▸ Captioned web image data

■ ■ ■ ■ ■

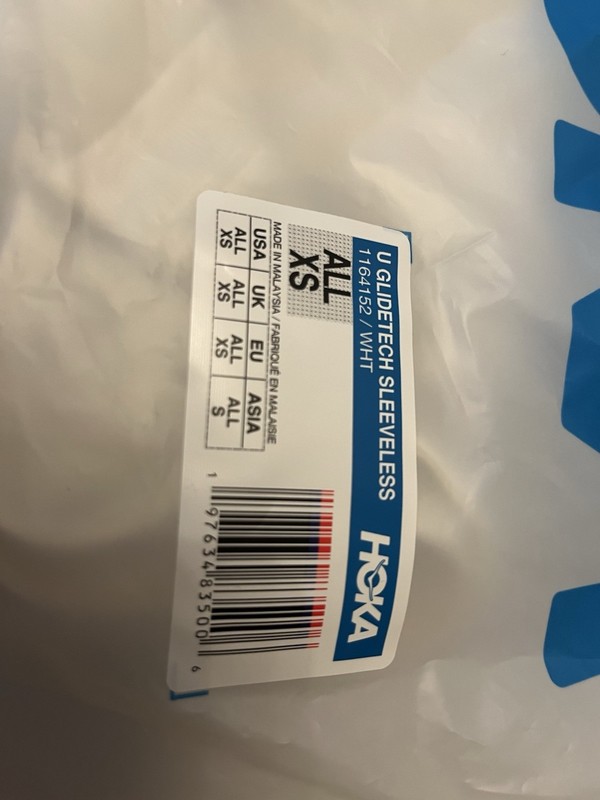 NWT Unisex XS Hoka U Glidetech Sleeveless Tank - White gallery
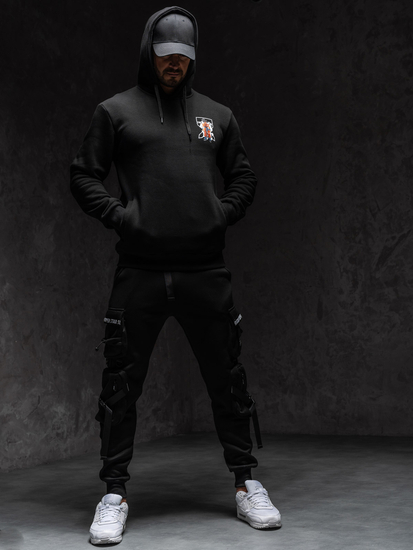 Hanorac negru cu imprimeu Bolf 147049A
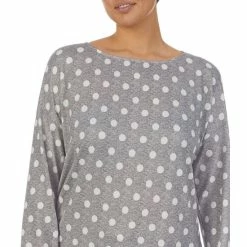 Hot Sale 😀 Kate Spade New York Plus Size Polka Dot Print Long Sleeve Round Neck Cropped Pajama Set Grey Dot 🥰 -Kate Spade New York shop unnamed file 316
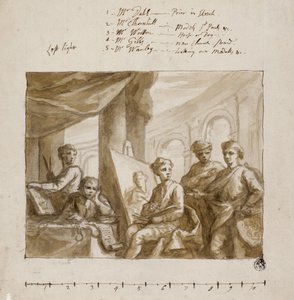 Company of Painters, 1719 körül (ecset és barna mosás, grafit felett, elefántcsont fektetett papíron) alkotó: English School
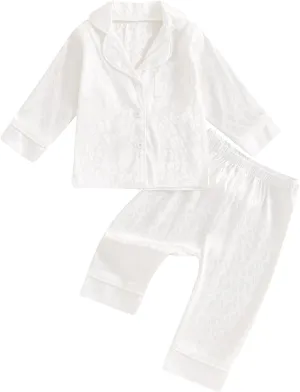 Toddler Baby Girl Boy Silk Pajamas Set Solid Long Sleeve Button Down Shirts Tops and Pants Satin 2PCS Pj Lounge Sets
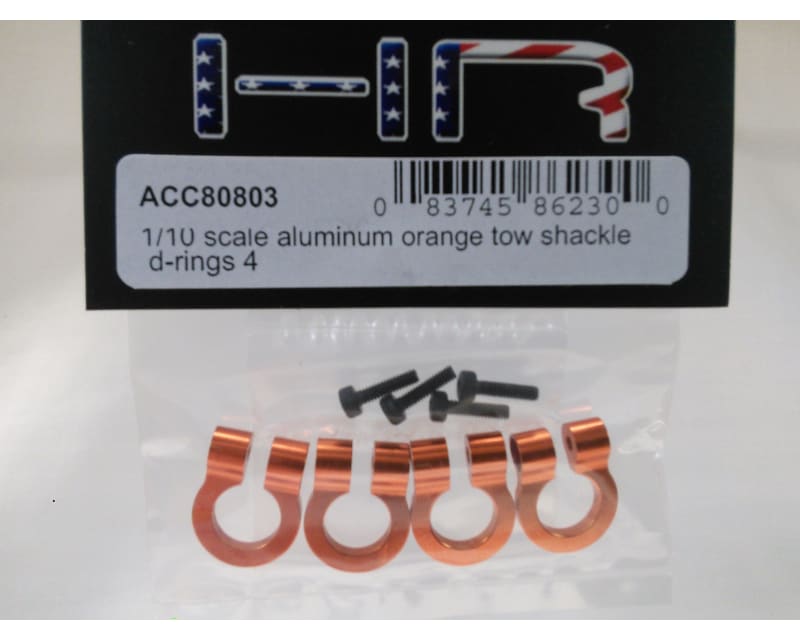 1:10 Scale Aluminum Orange Tow Shackle D-Rings (4)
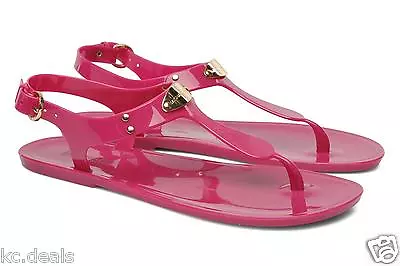 6m Michael Kors Mk Plate Jelly Fuschia Thong Sandal Strappy Logo Womens Shoes • $49.90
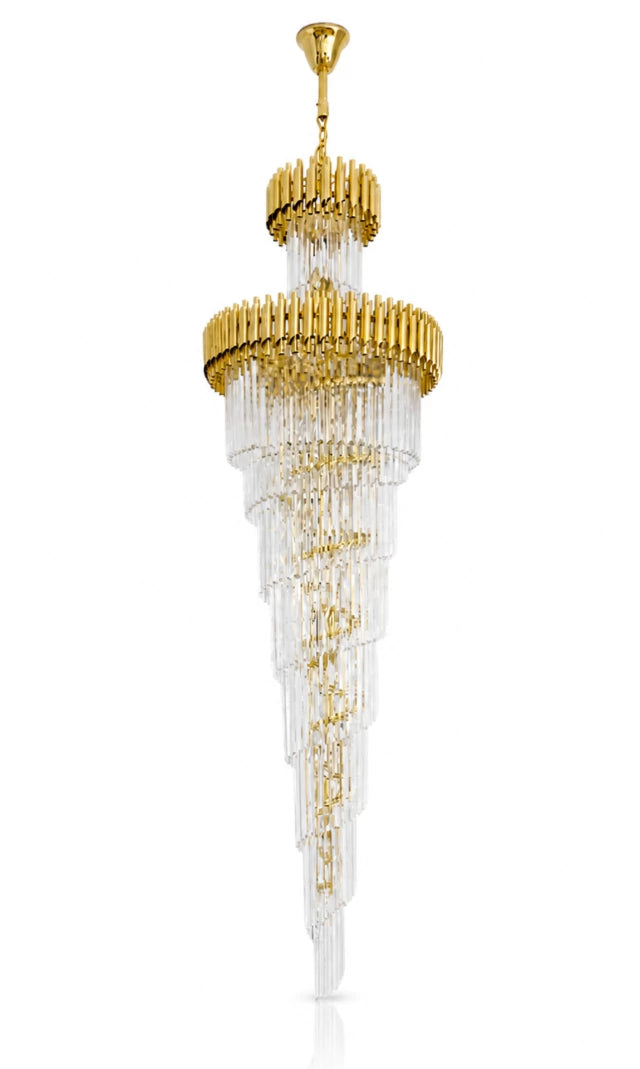 Lustre Cristal ZÉNITH CASCADE CHADELIER 180cm Pé Direito Duplo Sala Escada Hall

■ ■ ■ ■ ■

Beginning with the line containing "1:10 Scale Aluminum" and ending with the last line of the data above, repeat each line exactly. Include no pictures and no other lines.

 1:10 Scale Aluminum Orange Tow Shackle D-Rings (4)
 6m Michael Kors Mk Plate Jelly Fuschia Thong Sandal Strappy Logo Womens Shoes • $49.90
 Lustre Cristal ZÉNITH CASCADE CHADELIER 180cm Pé Direito Duplo Sala Escada Hall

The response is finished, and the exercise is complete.